## What you have to do
When you transcribe the listing that follows, keep every line exact and omit the pictures.

## Information supplied
==*==
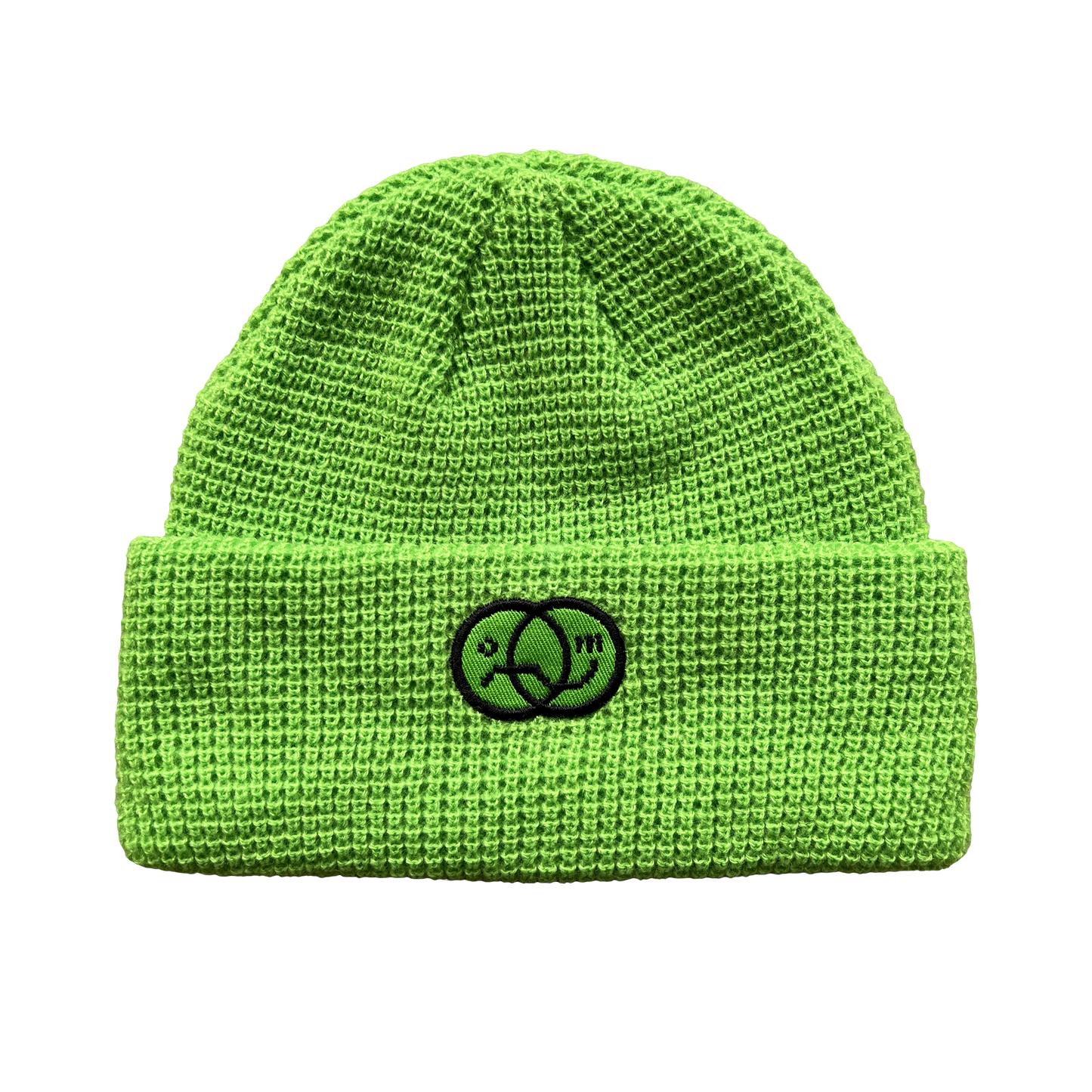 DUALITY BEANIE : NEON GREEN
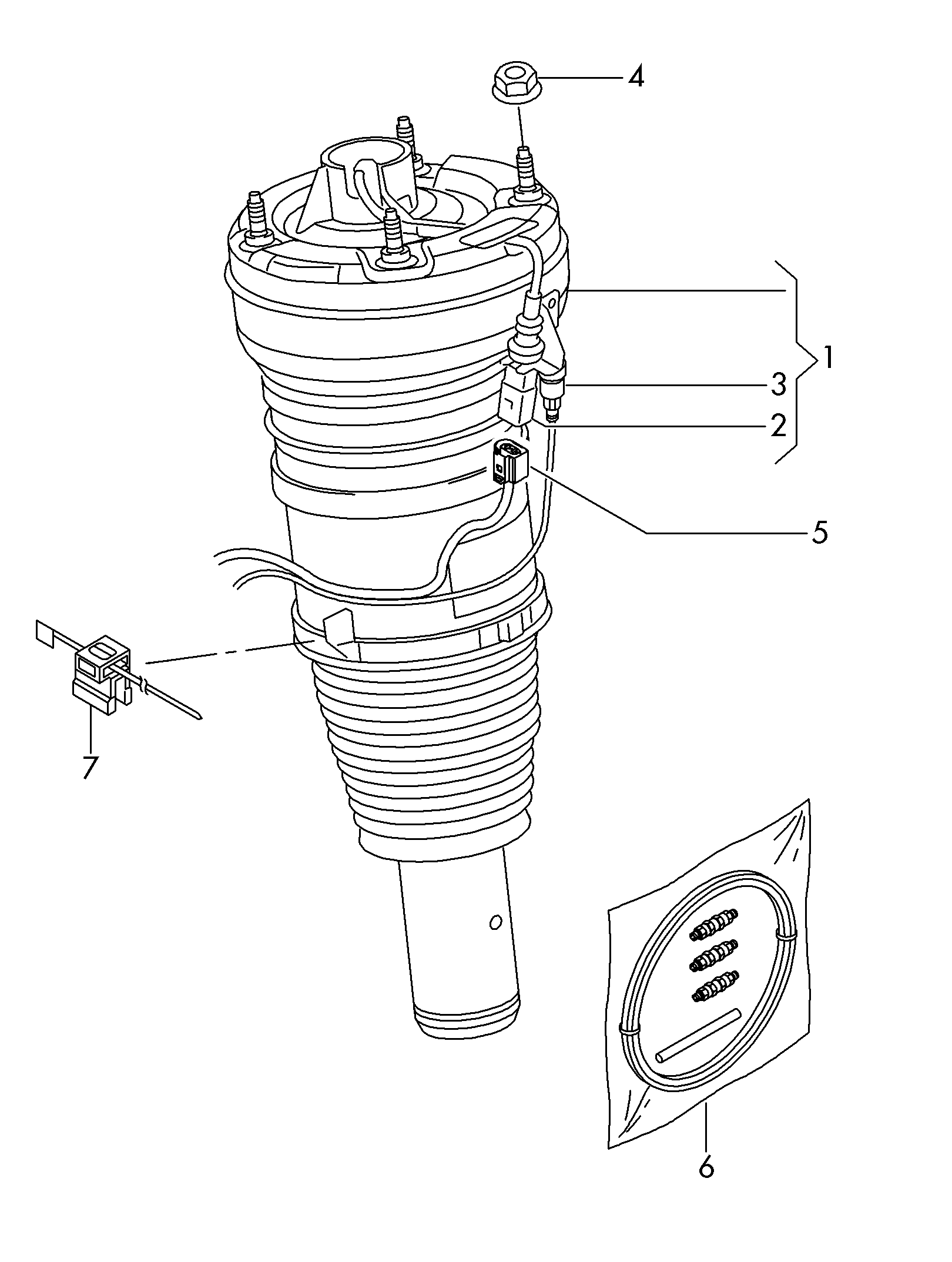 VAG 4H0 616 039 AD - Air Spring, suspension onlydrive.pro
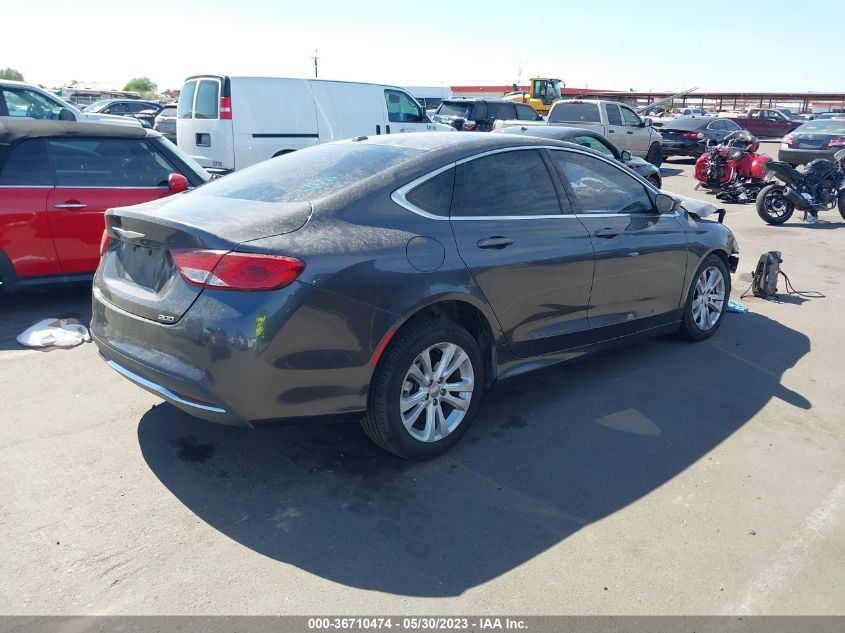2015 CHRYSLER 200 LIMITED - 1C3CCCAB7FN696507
==*==
## Answer
 DUALITY BEANIE : NEON GREEN
 VAG 4H0 616 039 AD - Air Spring, suspension onlydrive.pro
2015 CHRYSLER 200 LIMITED - 1C3CCCAB7FN696507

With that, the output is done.